アジアの国々でも通用するのはIFRS
日本企業へのIFRS義務付けに反対する声の中には、国際化に対応するのは大企業だけで十分だ、という主張がある。だが、日本の人口が減少に向かう中で、事業の成長を追い求めるにはグローバル展開が不可欠だ。これは企業の大小に関係ないだろう。
さらに、金融情勢が混乱すれば、中堅上場企業の資金繰りが最も厳しくなる。大企業は手元資金が潤沢なうえ、主要取引銀行であるメガバンクも強力にサポートする。リーマンショック直後にドル資金が用意できず冷や汗をかいた中堅企業は少なくない。
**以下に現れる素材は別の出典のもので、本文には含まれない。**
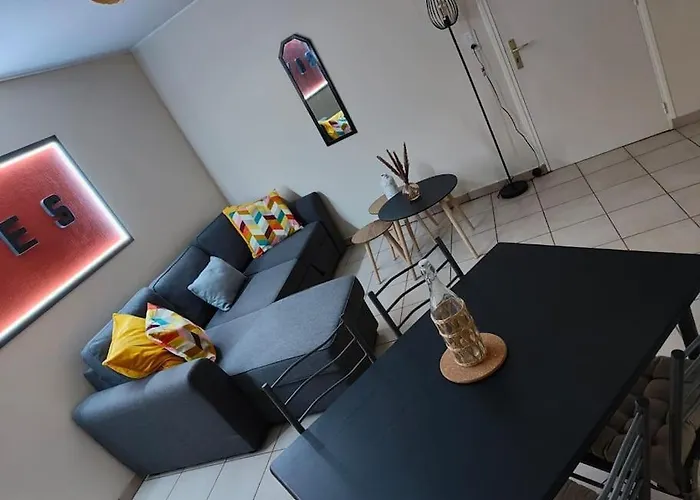 Gare Hyper Centre Lägenhet *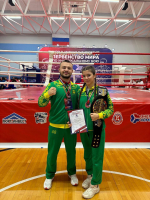 Полдюжины медалей завоевали липецкие рукопашники на первенстве мира!
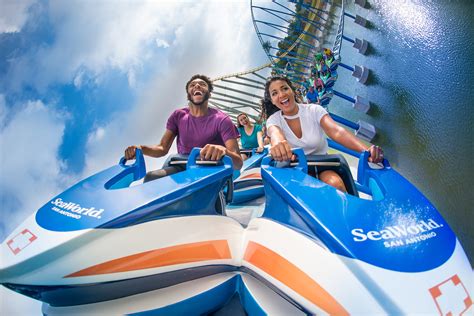 Now Launching! Wave Breaker: The Rescue Coaster Now Thrilling Guests at SeaWorld San Antonio ...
成長市場であるアジアでの展開を急ごうと思えば、アジア市場での株式上場や社債発行などが不可欠になる。アジアの国々で通用するのはIFRSだ。
希望する企業だけIFRSを使えばいい、という反対論もある。現在、日本では、日本基準のほか、米国基準とIFRSの利用も認められている。現状のまま、国が方針決定を先送りすれば、事実上、国内に3つの基準が乱立する状態が続く。
これでは同じ国内の上場企業でありながら、決算書の比較が簡単にはできない。同じ日本の資本市場にいながら、ルールが違うとなれば、資本市場自体の質が問われることになる。そうでなくとも、日本の資本市場の地盤沈下は著しい。
日本の基準を世界に認めさせることが国益だ、という主張もある。日本の公認会計士や証券アナリストなどは、IFRSの議論が始まった40年近く前からの創立メンバーで、現在も基準を決める組織に評議員2人と理事1人を送っている。
国際基準の設定になかなか関与できない他の分野と違い、日本が基準決定や組織運営に大きな影響力を保持している数少ない領域なのだ。「会計は文化だ」として日本基準を残すことだけに固執した場合、これまでの努力が水泡に帰すばかりでなく、他の基準づくりの分野同様、日本がガラパゴス化することになりかねない。
のれん代を償却する日本基準の方が学問的には正しい、と主張する学者もいる。確かに論理的にはそうかもしれない。だが、日本企業が国際競争に晒されている中で、会計基準が企業の足を引っ張ってよいのか。鎖国をして日本経済がやっていけないのは自明な以上、競争のルールを国際基準にそろえるのは当然だろう。